Season 6, Episode 1: The Doorway brought back all of our favorite characters, up to their usual tricks, during the holiday season of 1967. Honestly, I was always a bit scared for the show to move out of the pseudo "perfection" of the late 50s and into the cultural turmoil of the mid-to-late 60s. But mostly what truly worried me was the fashion turmoil. Of course, taking one look at the style evolution of either Harry Crane or Joan proved my suspicions to be correct. Though one character has calmed my nerves about the fashions of the time period, and her name is Megan Calvet Draper.
In this episode alone, Megan rocked an amazing bikini, 3 punchy printed beach coverups, an ahhmazing sunhat, round sunglasses, and that was just in Hawaii! Being back in NYC brought her into a fabulous leopard fur coat with an epic hat to match, effortlessly glam New Years Eve sportswear, and her very own fondue pot from Bloomingdale's...She is a soap opera star now, so aside from being a rich advertising executive's wife, she could further up the ante with her wardrobe in a way that would make Destiny's Child "throw their hands up at her." If you can forget the fact that Don hiring her for that national commercial is what enabled her star to rise. And let's not forget that while Don keeps pretty classic when it comes to the east coast, whenever he's on vacation, he loosens up...just a bit.
In the world of Henry and Betty Francis, they seemed to have taken an orphaned teenager, and her violin, under their wing. This new character, Sandy, seems to have made an impact on nearly every member of the Francis clan... from Bobby's obsession over how her instrument case looks like a coffin, to the suspicion that she may be a future love interest of Sally, or possibly the distant fantasies of Henry or maybe even Betty (in probably one of the most disturbing scenes of the episode, we get a dark glimpse into Betty's ability to talk dirty). Though, I think Betty's opinions about this child show a level of maturity and nurturing in her character that make me think she's reached the age where she truly should have become a mother, versus the neglectful, selfish, wine guzzling, dry-cleaner bag days of her past.
Peggy is back and better than ever...ish. She has truly been able to thrive after escaping from the offices of SCDP, and from under Don's shadow, and she seems to be able to manage crises with confidence and New York chutzpah. Her new boss, the ubiquitous Ted Chaough, seems to trust and respect her in a way that Don never really would or could. It has to be said that I don't get the feeling things are very hot and heavy with her live-in boyfriend, but her listless late-night calls to Rizzo back in the old creative studio make me hold out a certain hope that she is still on the path toward professional and romantic happiness.
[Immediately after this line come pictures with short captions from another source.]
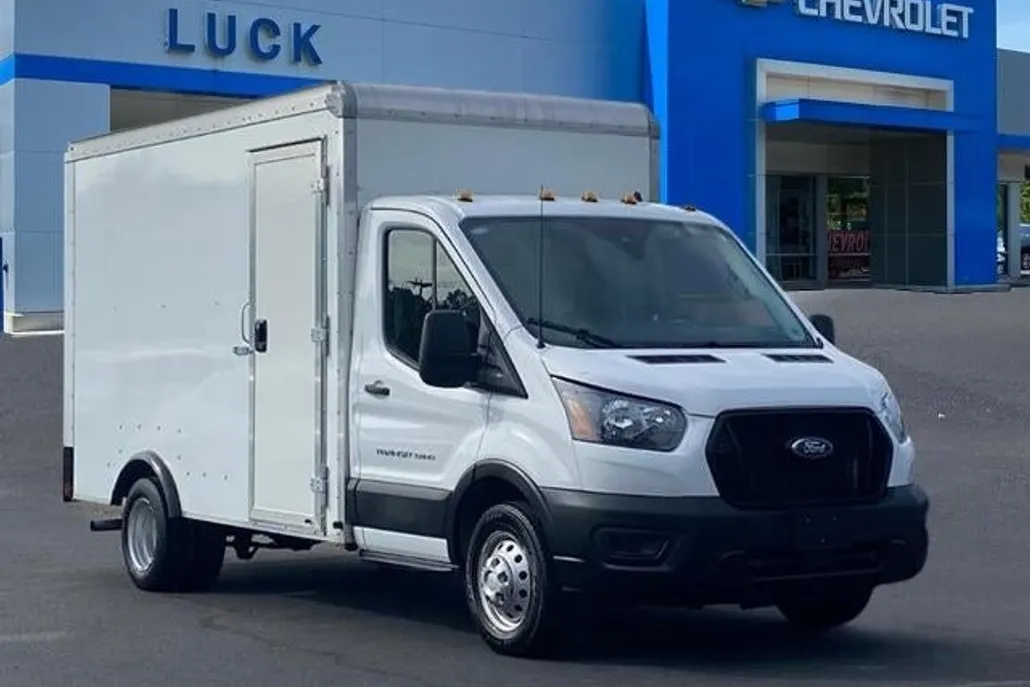 2023 Ford Transit Cutaway photo 1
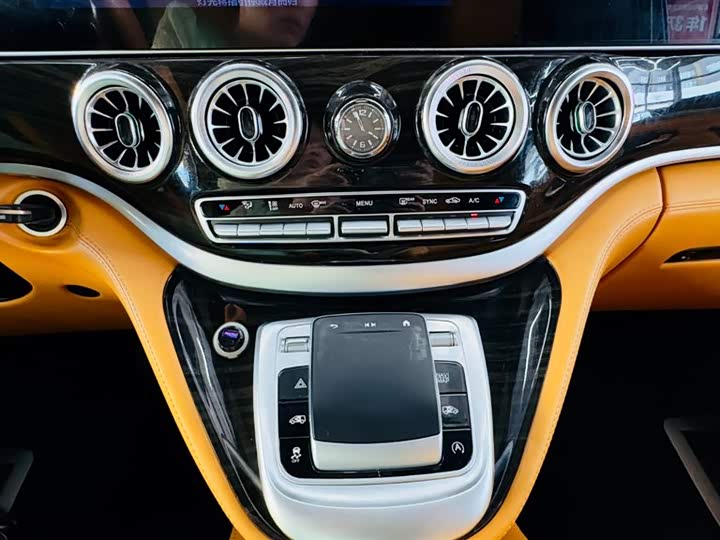 Фото 23 - Mercedes-Benz Vito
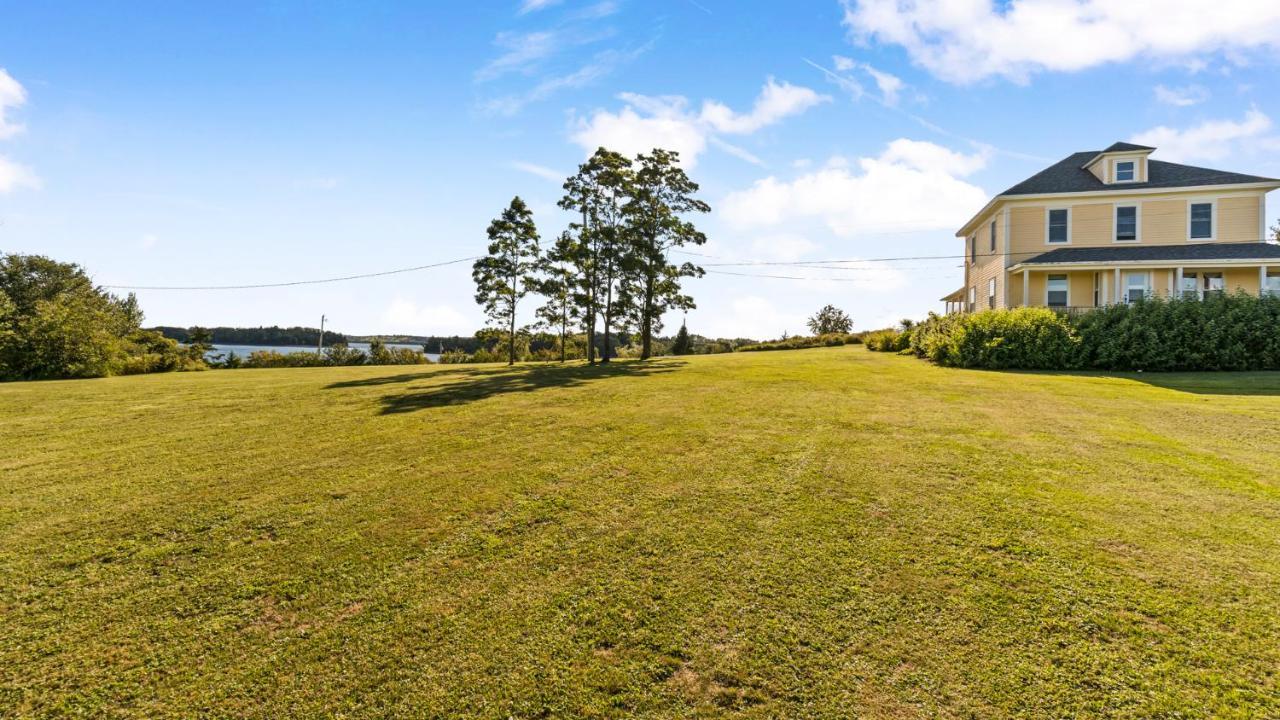 Bayview Pines Country Inn B&B Mahone Bay Exterior foto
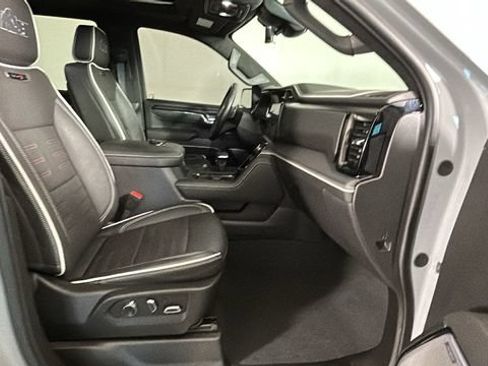 Used 2024 GMC Sierra 1500 AT4X w/ AT4X AEV Edition AWD/4WD image 32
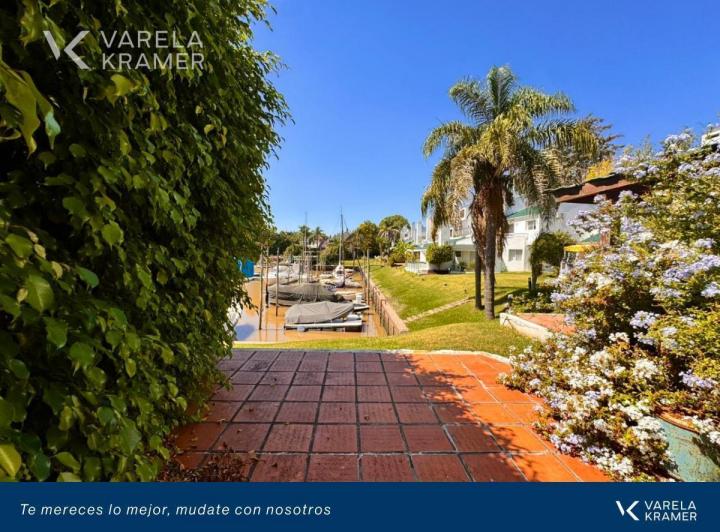Departamento · 65m² · 2 Ambientes · 1 Cochera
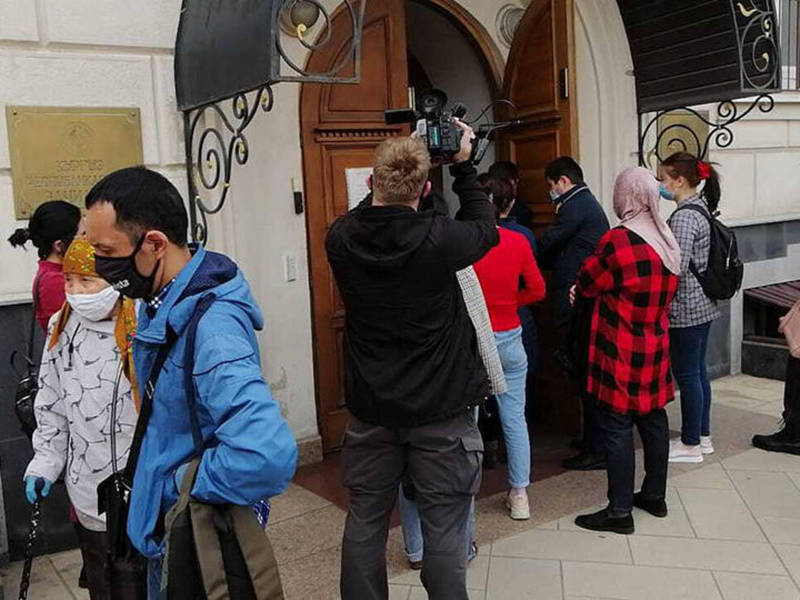 Собравшиеся возле посольства КР в РФ кыргызстанцы. Видео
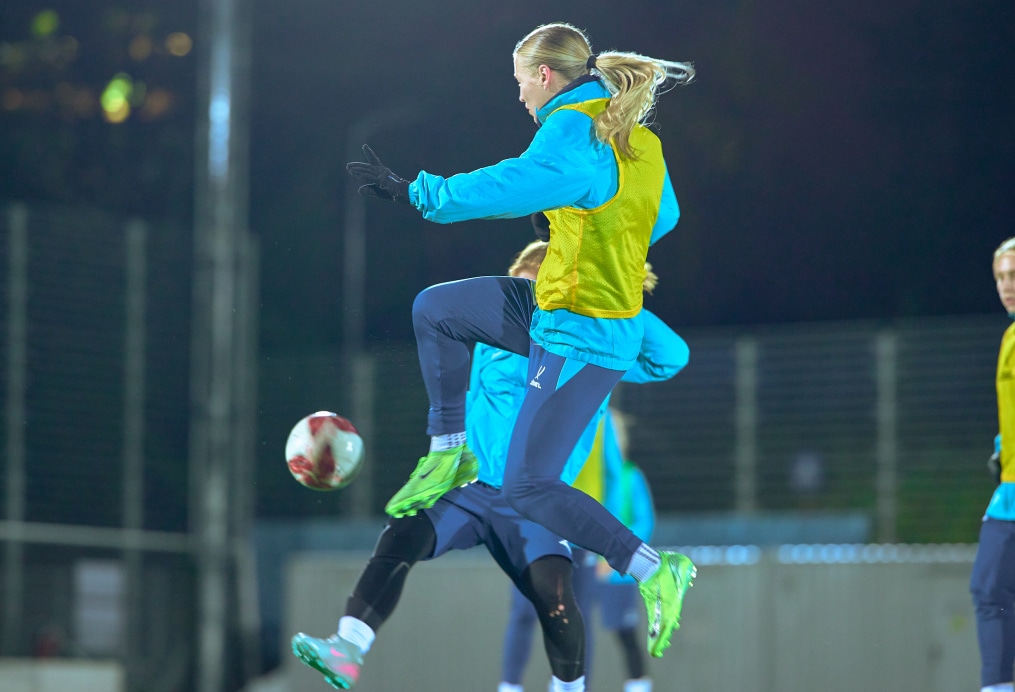 Тренировка женской молодежной команды перед матчем с «Чертаново»-м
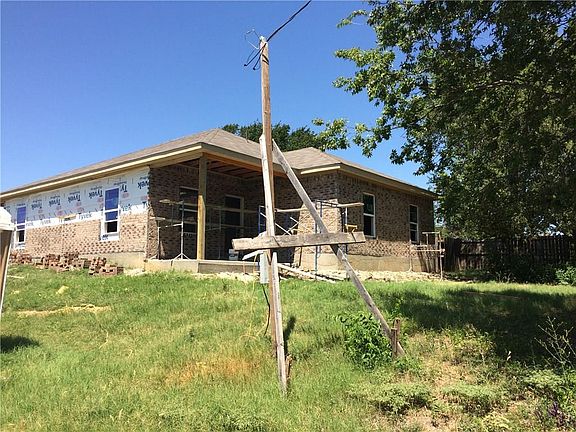 4th image of 1041 Pangburn St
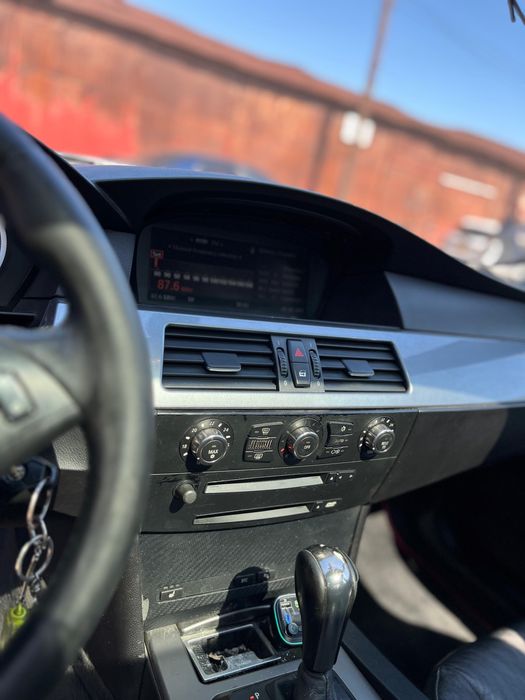 Bmw 525D.        .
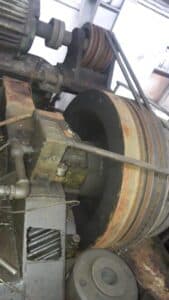 Presse d'ébavurage TMP Voronezh K2538 - 630 tonne (Photo 7)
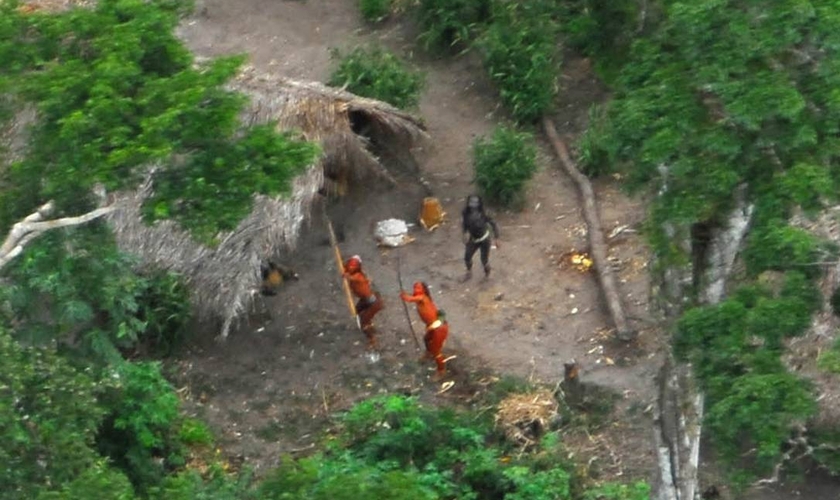 Índios isolados observados em sobrevoo pela Terra Indígena Kampa e Isolados do Envira, no Acre. (Foto: Gleison Miranda/Funai)
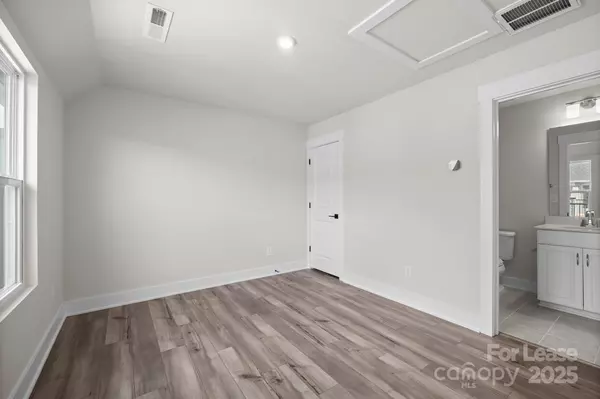 Charlotte, NC 28206,3007 Jolene CT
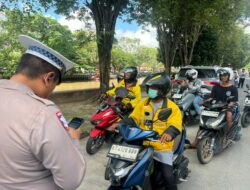 33 Pengendara Melawan Arus Ditilang di Jalan Pangeran Suriansyah Samarinda, Polisi Gunakan ETLE Handheld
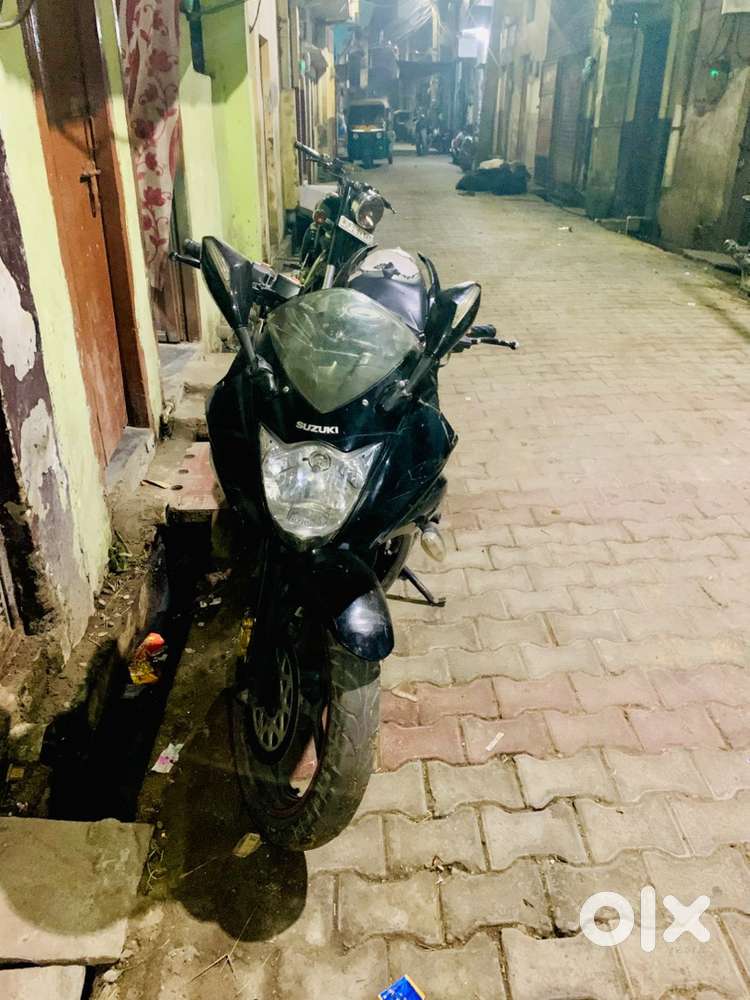 Suzuki gixxer
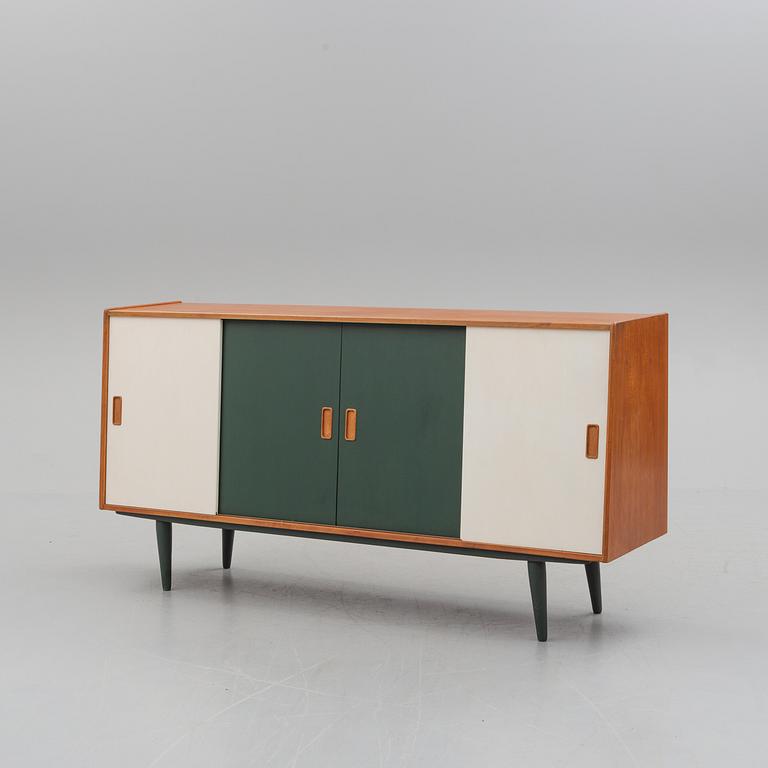 SIDEBOARD, Westergaards möbelfabrik, Silkeborg. Danmark, 1950-tal.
Now, catching up and fashion assessments aside, this episode set a tone for season six that leads us all to believe it's the beginning of the end for many of our characters. The opening sequence puts us in the point of view of someone who is being resuscitated after a heart attack. We then immediately transition to Don on the beach reading Dante's Inferno. Roger also must confront the idea of his own mortality when his 91-year-old mother passes away, though his constant need to use his humor as a defense mechanism remains undisturbed for the most part. Until his ex-wife brings her new boyfriend (husband?) causing Roger to lose it and cry out "This is MY FUNERAL!" Interesting... It should also be noted that Don, struggling with his own fears and uncertainty about death, vomited into an umbrella stand during the wake and all hell truly broke loose. Inferno, indeed. When Roger's shoeshine man mysteriously passes away a few days later, it all proves to be too much and we, the audience, see him in the middle of an emotional breakdown that only the likes of Joan has witnessed.
When Sandy, Betty's teenage friend, ran away to New York City, presumably to a shanty town in The Village with no running water where dirty hippies make goulash in a dirty pot using a dirty hunk of snow, Betty had no choice but to follow her there and intervene to make sure no one would end up contracting dysentery. But when one of them confronts her, and calls her hair "bottled", she heads home without Sandy in toe, as a brunette! Jaw, please meet the floor as Bobby tells her she's ugly and he hates her in the sensitive way that only an eleven-year-old boy could muster. Poor Betty. It always seemed like the less she knew about life, the happier she could allow herself to be. But all that's gone now that she's more self-aware than ever.
I'm sure I'm missing a few important elements of the episode, like the fact that the young whipper-snappers we met in the early parts of the series, like Ken Cosgrove or Peggy, now have a sort of high-and-mighty opinion about the new crop of young bloods in their respective offices. Ken gives the new account man with his uncomfortable amount of caffeinated enthusiasm and inappropriate bestowal of a deli spread at Roger's mother's funeral, a spectacular tell-off. And Peggy rips a few new "you-know-what's" on some young and lazy creatives regurgitating 3 versions of the same tired idea.
In the final pitch of the episode, Don reflects on his vacation to Hawaii in a proposed campaign with visuals that seem a bit more akin to a suicide at sea than a tropical vacation. He relates the Royal Hawaiian hotel to paradise, and to heaven, by saying "to get to heaven, something terrible has to happen to you first." All in all, the episode featured 2 deaths, a heart attack, a disappearing teenage runaway and more than a few unanswered questions, as creator Matthew Weiner sets the stage for season 6.